Gift guides demonstrate the breadth of options one has when coming up to a big day like Mother’s Day {does anyone still call it Mothering Sunday, which sounds a little bit creepy?} or, they are prejudiced to the writer’s own preferences. This is a little bit of both. I like perfume, and I like things that are contained in other things, espesh when the container is ultimately useful in the future. I like all of these, and your mum may, too.

JO MALONE Rain & Angelica {€100} JO MALONEThis is one of four in the limited London Rain edition, hence the extra few bob in the price. The first hit of this is spectacular, truly infused with the freshness of rain. I pick up a little bit of pepper too, but that may just be my screwy nose (don’t ask me to talk about wine; I can tell if it’s red or white, that’s about the extent of it.) I just kept spraying it and spraying it on myself, because I kept missing the dry down — when I did get it, I was delighted for the wee blast of vetiver. This is lovely, but I will say it doesn’t have the staying power of some the classic JM scents.

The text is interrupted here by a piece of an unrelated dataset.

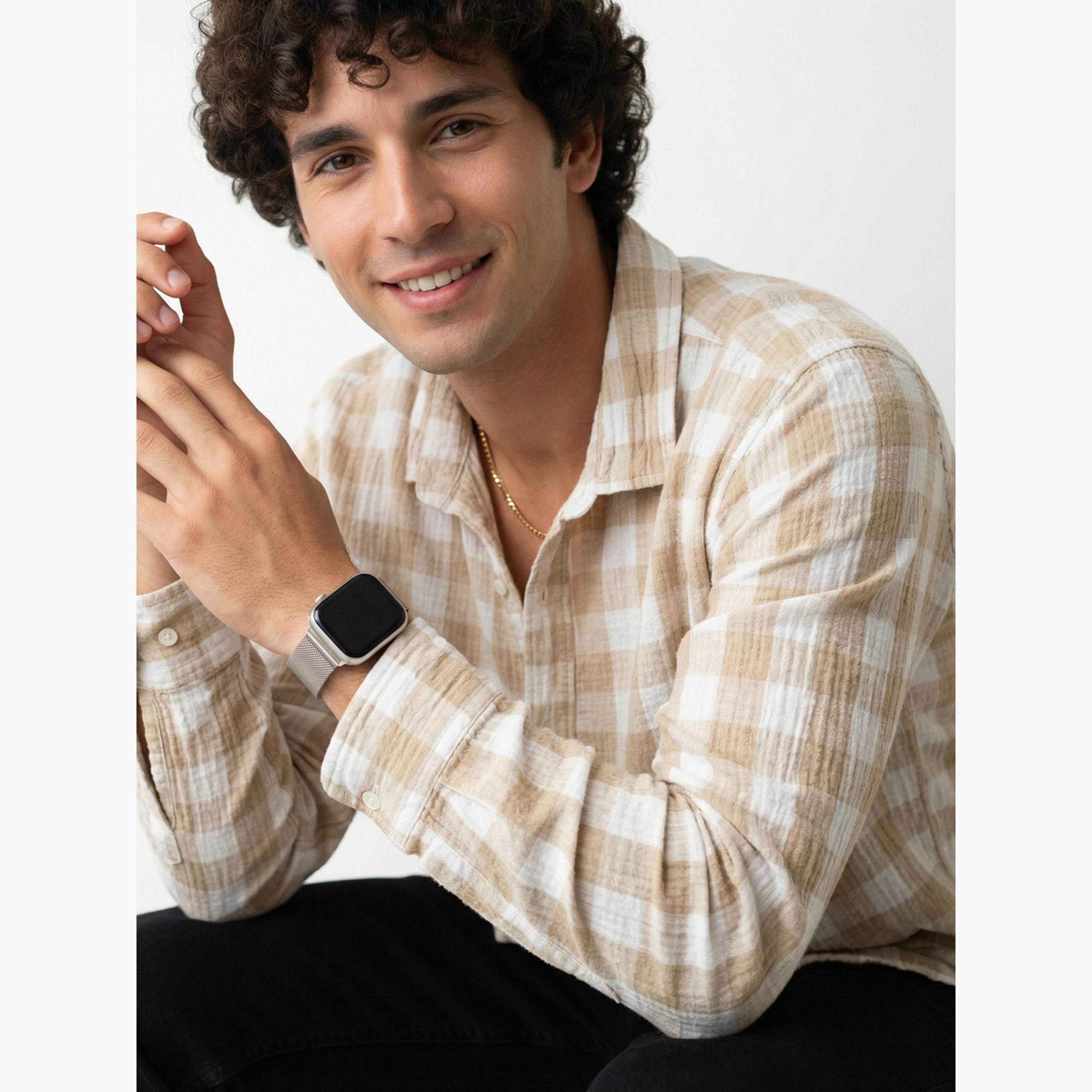 قميص كاجوال بنمط مربعات وقصة مريحة للرجال-men-clothing-shirts-image-6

Other scents in the collection include Wisteria & Violet, White Jasmine & Mint, and Black Cedarwood & Juniper, the last of which appeals as juniper = gin; also, the press materials claim that it has a ‘carnal touch of cumin’ in it, which — the mind reels.

LACOSTELACOSTE Eau de Lacoste Sensuelle {€60} This brand has always seemed preppy to me, which is mainly what they’re going for — that’s all in the way to say that sensual and little alligators haven’t exactly matched up in my mind. This is here to change yours: it’s got some amber notes in it, to darken things down a bit, and the bottle, as you can see, it designed to reflect the new tone.

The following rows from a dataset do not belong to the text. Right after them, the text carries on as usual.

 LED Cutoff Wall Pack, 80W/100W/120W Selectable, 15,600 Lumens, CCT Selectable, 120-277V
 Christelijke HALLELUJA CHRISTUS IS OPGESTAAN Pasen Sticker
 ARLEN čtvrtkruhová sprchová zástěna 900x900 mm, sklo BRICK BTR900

It’s still sweet and yummy, though, and this dries down to a nougatine, vamilla-y vibe, so not too shocking a change. It’s definitely a touch more sophisticated — as in, less sporty — than the the original Eau de Lacoste for Women — but it doesn’t get completely down and dirty.

MUM'S DAY LUSH
LUSH Mum {€37.95} Talk about ‘what is says on the tin’! This container — yes, made of tin — is chock full of fun Lush stuff. Well, five seems like a ‘chock’ to me. There’s Dream Cream hand and body lotion, which is fab, and a trial-sized Gorgeous mosituriser for the face, along with four delicious bath additives, including a personal fave, the Secret Garden Bath Bomb. The tin is useful after mum uses everything up!

L'OCCITANE
L’OCCITANE The Exquisite Boudoir Collection {€17. with €40 purchase} I myself love a good coffret, and L’Occitane have packed this adorable, yet elegant box with five travel-sized products, including their glorious new scent, Neroli & Orchidee, in Eau de Toilette and body milk form. And you could even spend the €40 on mum — or on somebody else, ahem. You can now shop online at loccitane.ie, using the code VELVET, if you haven’t a boutique in your locality.

MUM'S DAY THE BODY SHOP
THE BODY SHOP Spritz & Moisture Basket {€22.95} Ah! A wee beach bag! Available in three ‘flavours’ — Satsuma, Shea, or Moringa — this contains a shower gel, an Eau de Toilette, and a sample of the brand’s famous body butter. Pictured is Satsuma, which I find to be refreshing and sexy, but the other two are equally good, depending on mum’s preference. Perfect to bring along on the big summer holidays.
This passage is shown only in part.